## DATA EXTRACT:

• • • • • • •

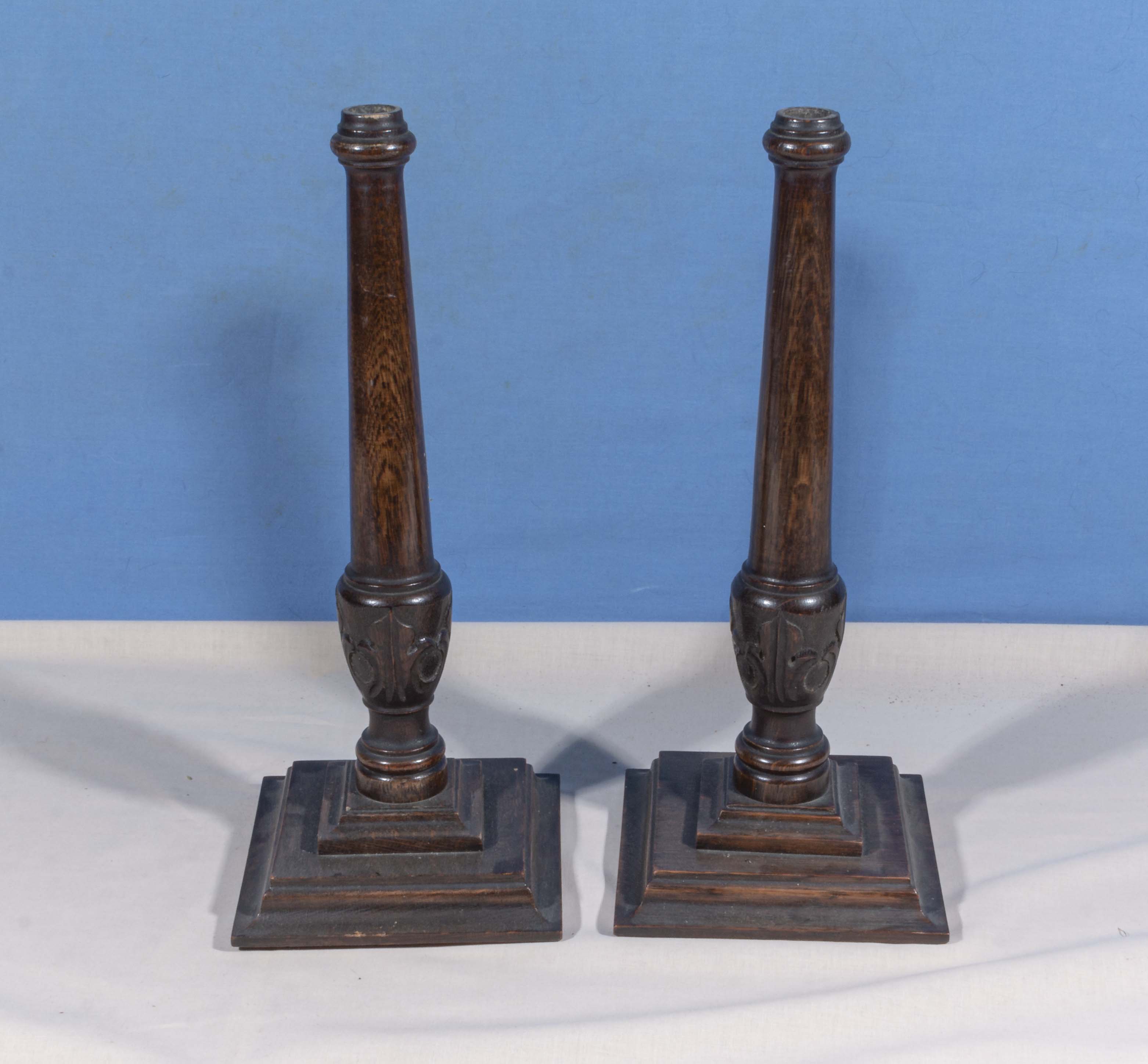 A pair of wood candlesticks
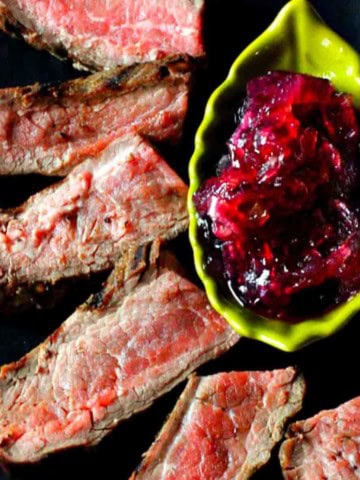 Cast iron skillet flank steak served with onion chutney.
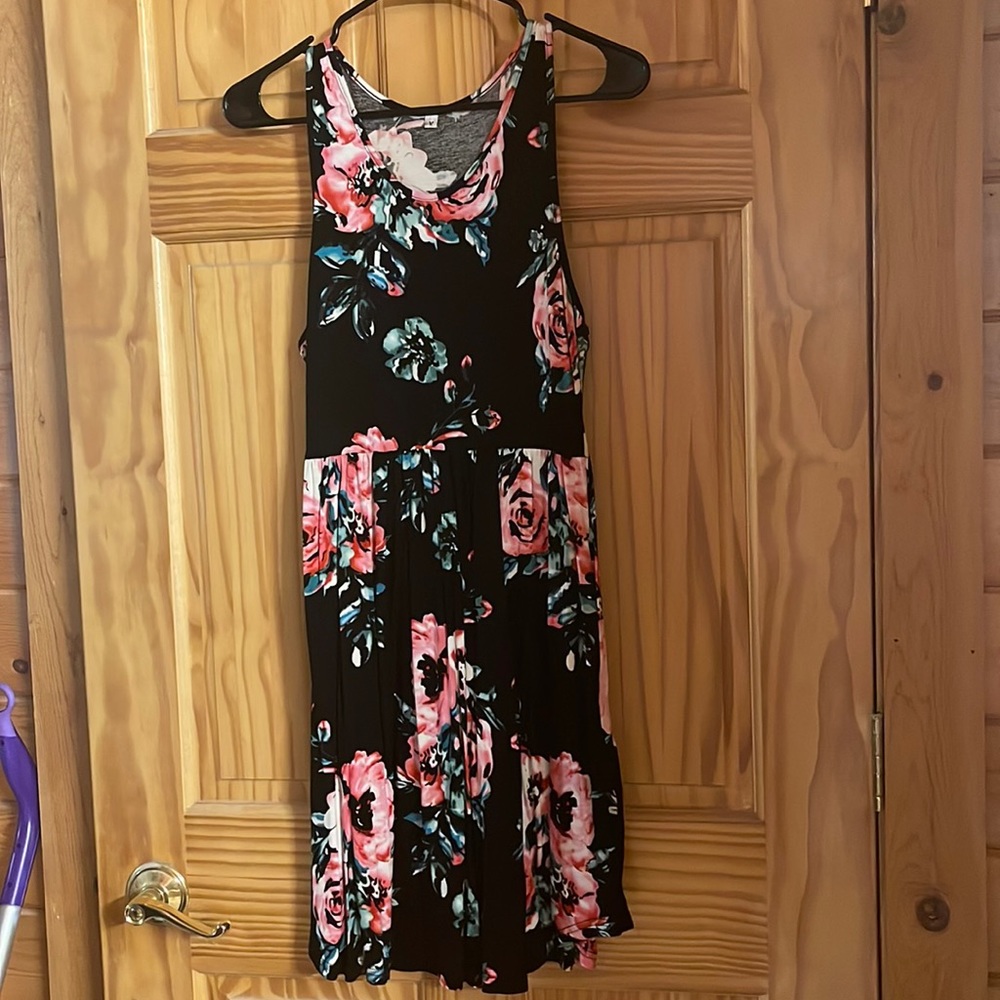 Cute sundress with side pockets and elastic waist very soft and stretchy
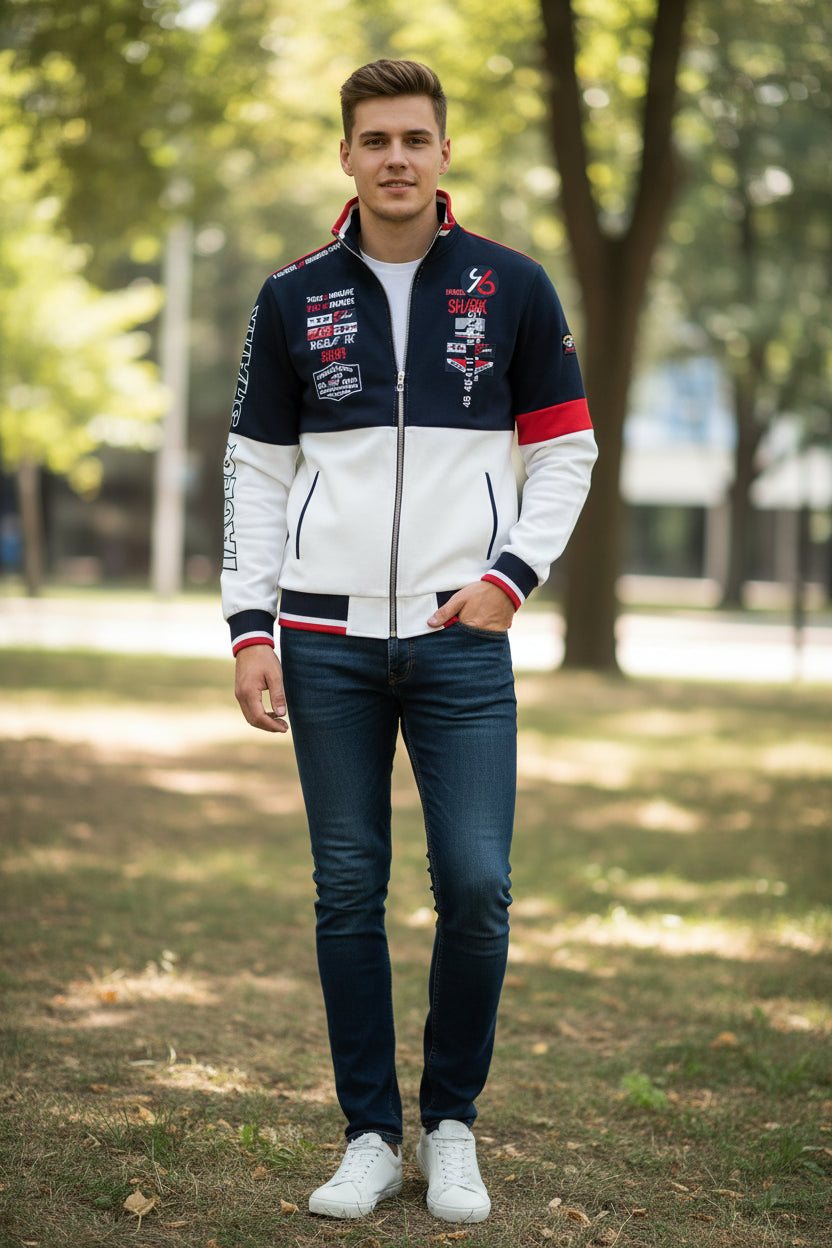 A men's zip-up track jacket with a color-blocked design in navy blue, white, and red. The jacket features graphic prints with 'SHARK' and racing-style details on the front and sleeves, and 'TACE&SHARK' branding on the left chest and sleeve.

• • • • • • •

## ABOUT THIS EXERCISE:
For this exercise, restate the material exactly and skip every picture.

## ANSWER SPACE:
 A pair of wood candlesticks
 Cast iron skillet flank steak served with onion chutney.
 Cute sundress with side pockets and elastic waist very soft and stretchy
 A men's zip-up track jacket with a color-blocked design in navy blue, white, and red. The jacket features graphic prints with 'SHARK' and racing-style details on the front and sleeves, and 'TACE&SHARK' branding on the left chest and sleeve.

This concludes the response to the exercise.